* **PROBLEM DETAILS**:
A faithful copy of the entries, without any pictures, is what is needed here.
DATA RECORDS Start Marker
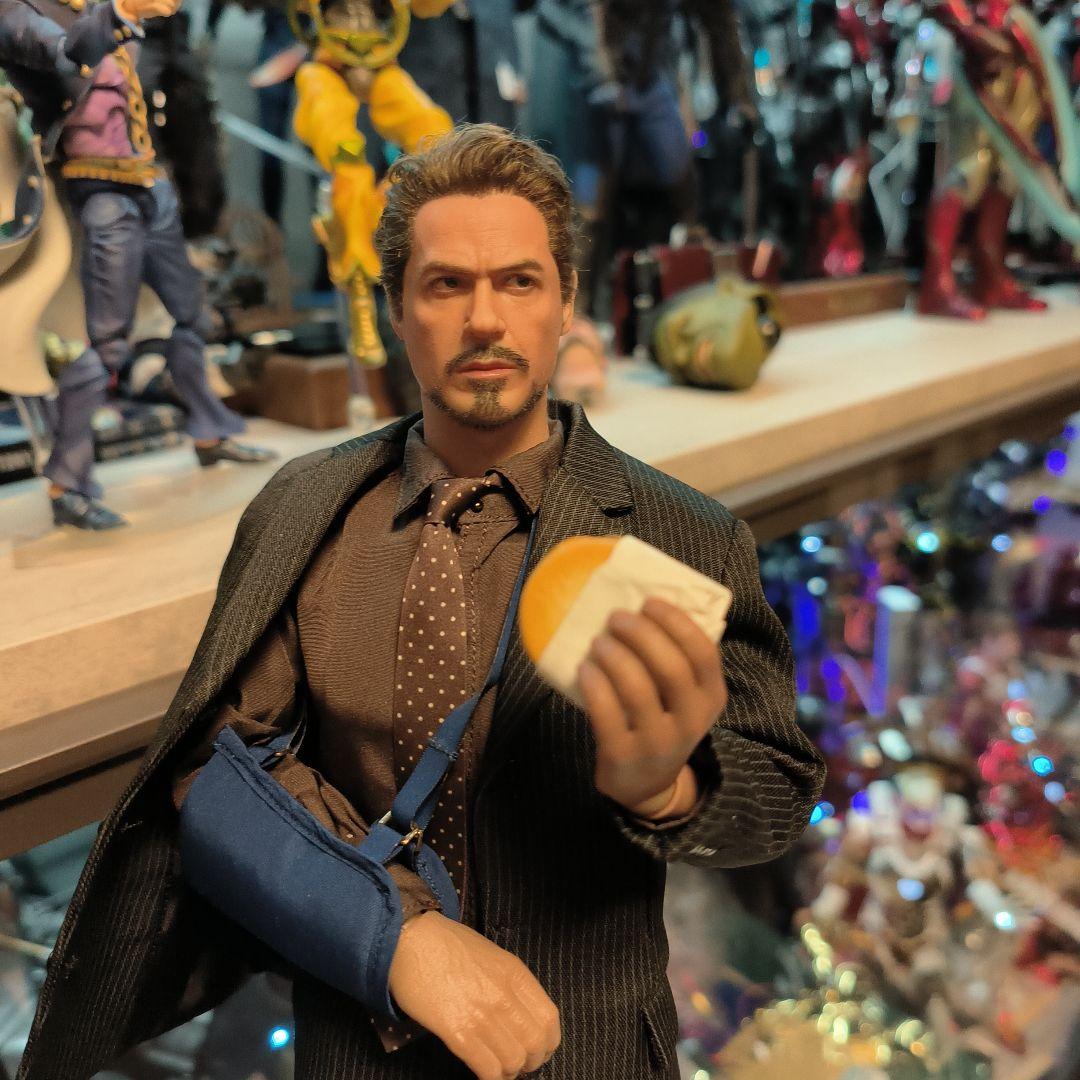 トニー・スターク フィギュア ハンバーガー付き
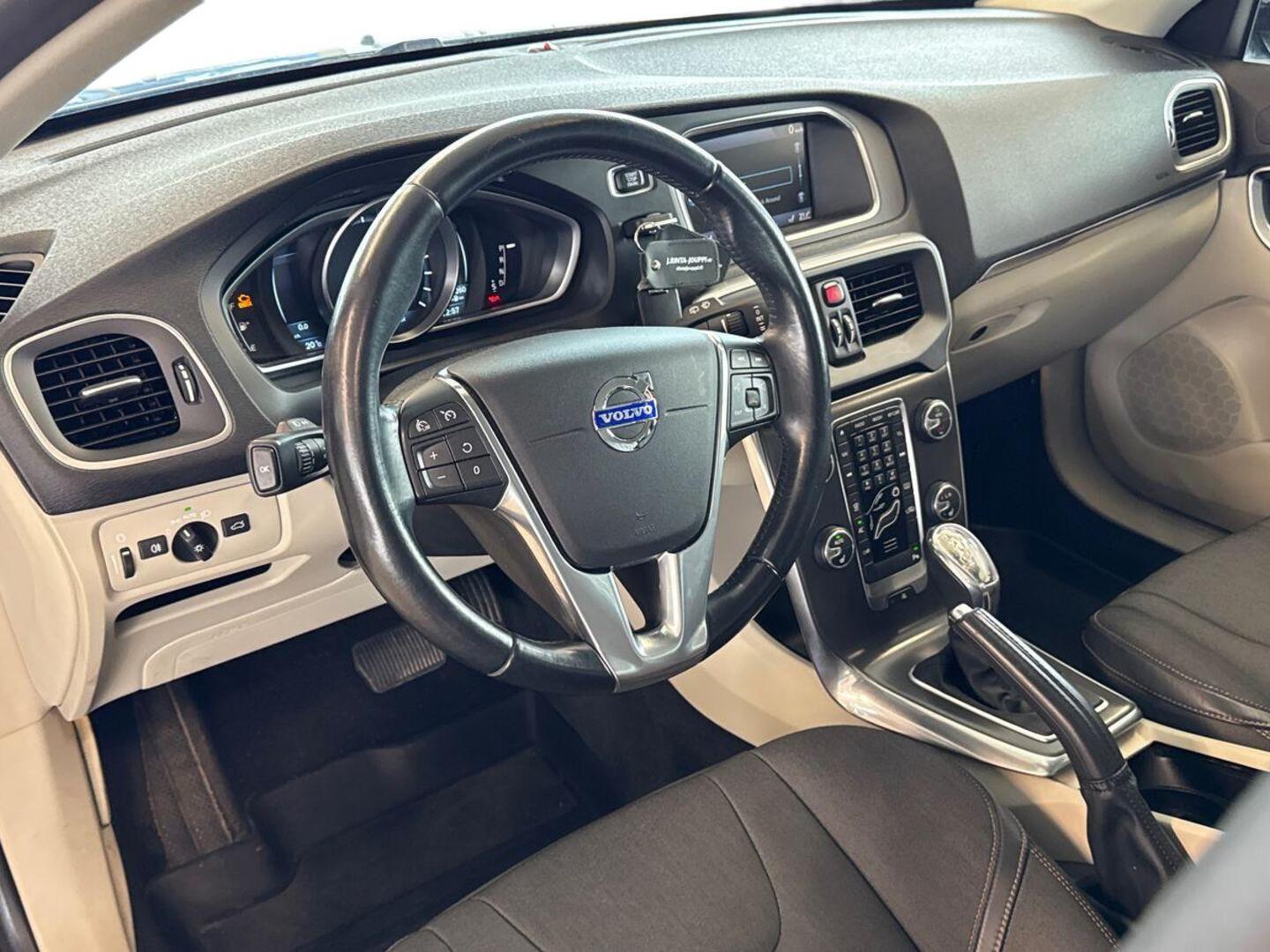 VOLVO V40 Cross Country 7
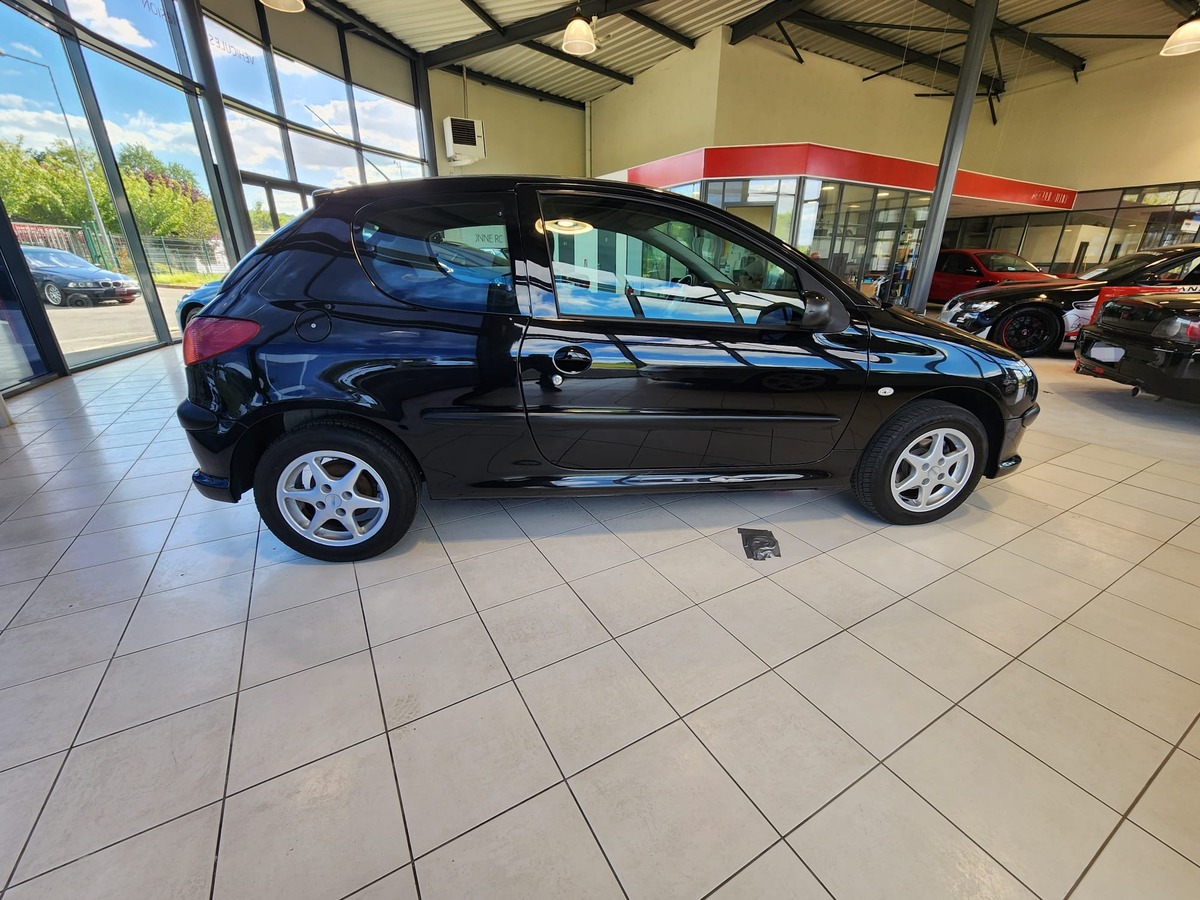 Peugeot 206 1.4L 75CV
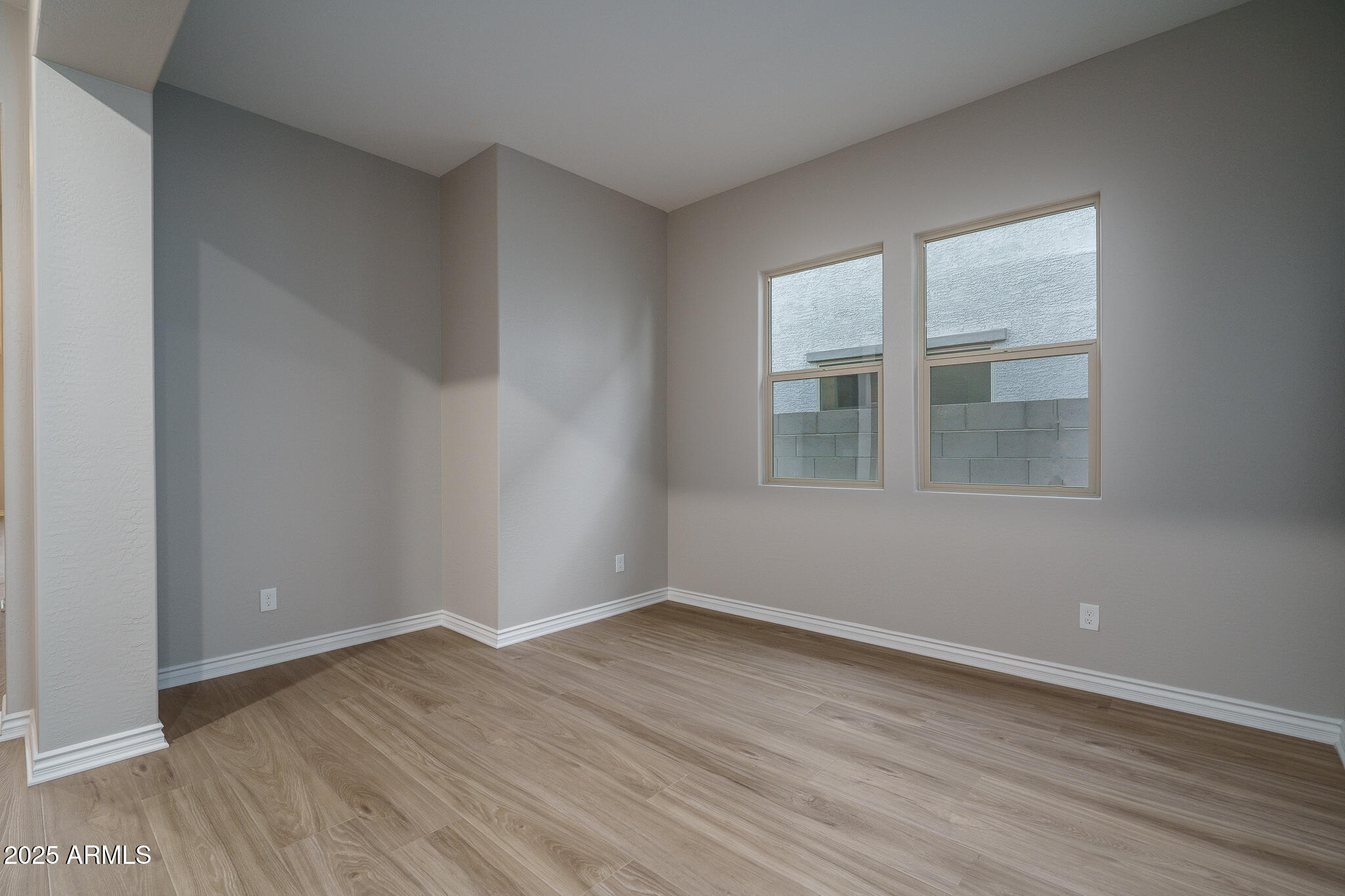 18730 W WESTVIEW Street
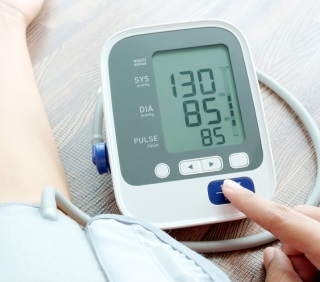 pomiar ciśnienia tętniczego ciśnieniomierzem naramiennym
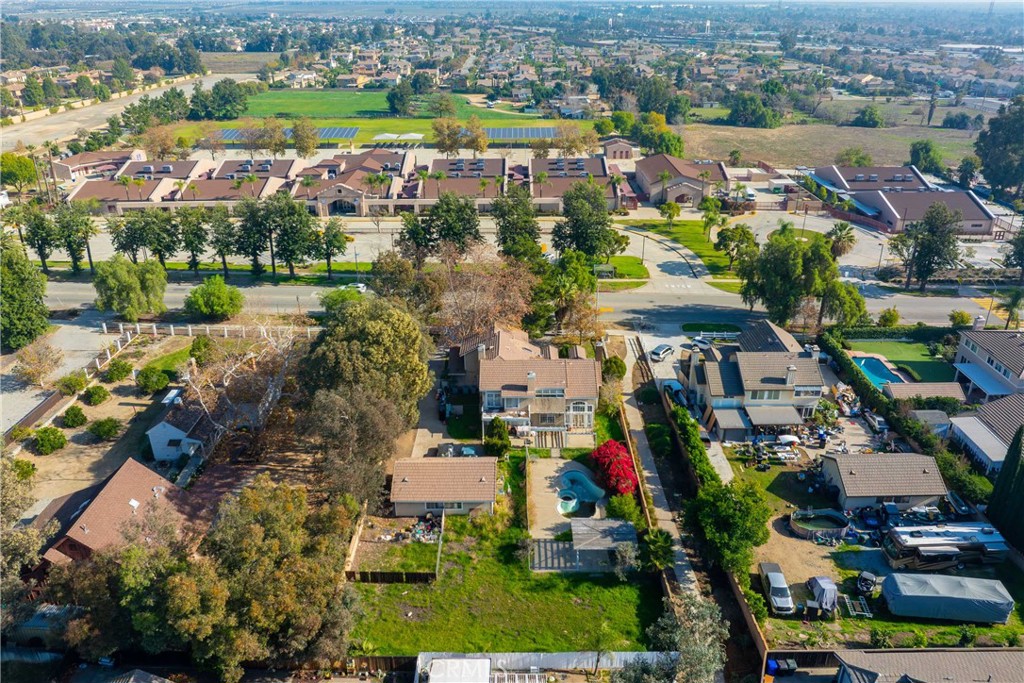 7168 Etiwanda, Rancho Cucamonga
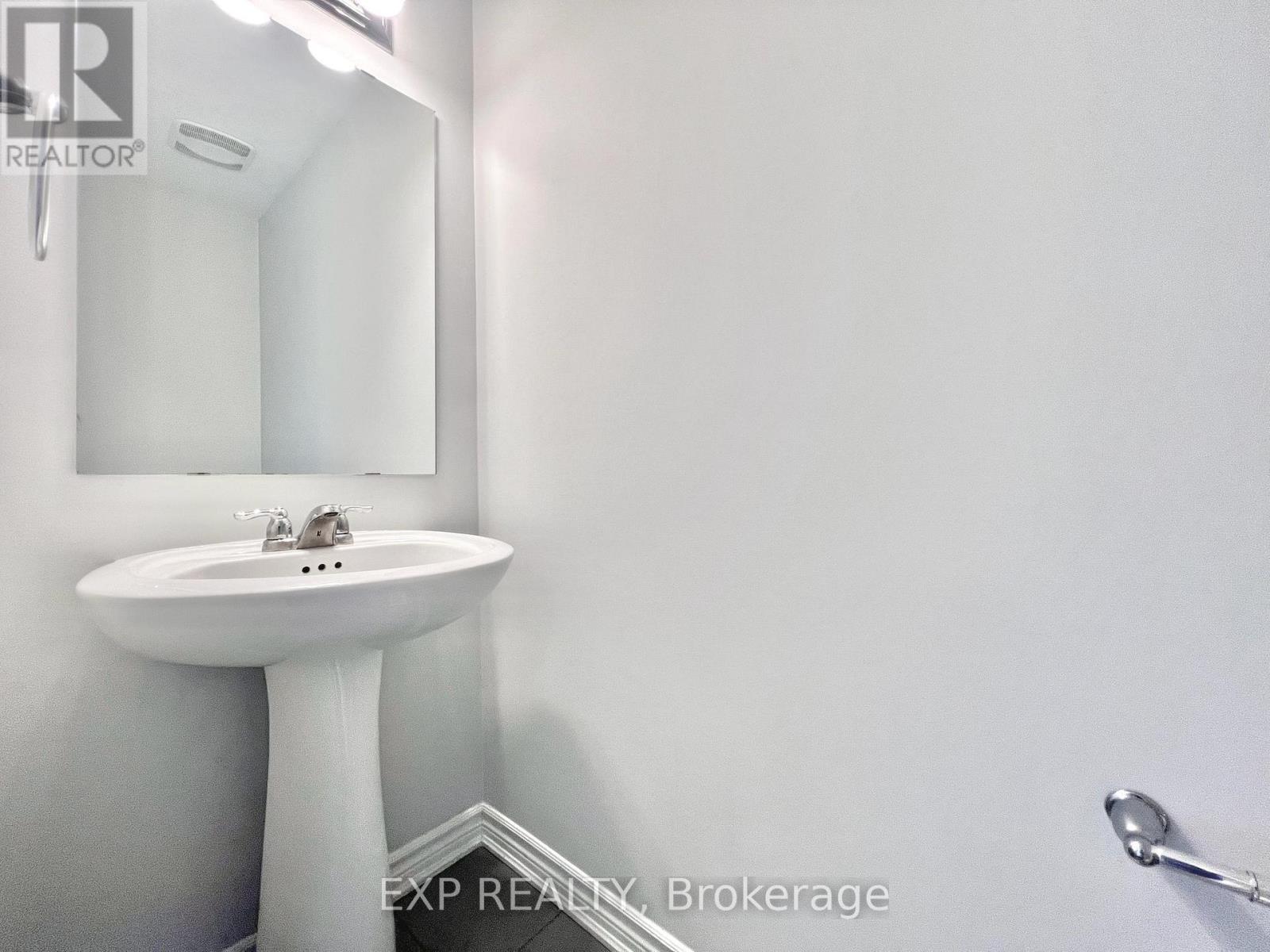 2076 Leinster Circle Property Photo 9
DATA RECORDS End Marker
* **PROBLEM SOLUTION**:
 トニー・スターク フィギュア ハンバーガー付き
 VOLVO V40 Cross Country 7
 Peugeot 206 1.4L 75CV
 18730 W WESTVIEW Street
 pomiar ciśnienia tętniczego ciśnieniomierzem naramiennym
 7168 Etiwanda, Rancho Cucamonga
 2076 Leinster Circle Property Photo 9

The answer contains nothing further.